━━━━━ RECORDS PROVIDED ━━━━━
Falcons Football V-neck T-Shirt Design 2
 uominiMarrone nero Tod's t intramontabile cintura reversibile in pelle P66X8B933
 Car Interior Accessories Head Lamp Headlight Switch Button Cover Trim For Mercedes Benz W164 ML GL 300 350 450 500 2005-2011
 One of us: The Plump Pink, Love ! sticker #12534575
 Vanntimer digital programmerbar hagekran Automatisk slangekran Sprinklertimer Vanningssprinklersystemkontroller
━━━━━
Could every record be printed again exactly as it reads?

Falcons Football V-neck T-Shirt Design 2
 uominiMarrone nero Tod's t intramontabile cintura reversibile in pelle P66X8B933
 Car Interior Accessories Head Lamp Headlight Switch Button Cover Trim For Mercedes Benz W164 ML GL 300 350 450 500 2005-2011
 One of us: The Plump Pink, Love ! sticker #12534575
 Vanntimer digital programmerbar hagekran Automatisk slangekran Sprinklertimer Vanningssprinklersystemkontroller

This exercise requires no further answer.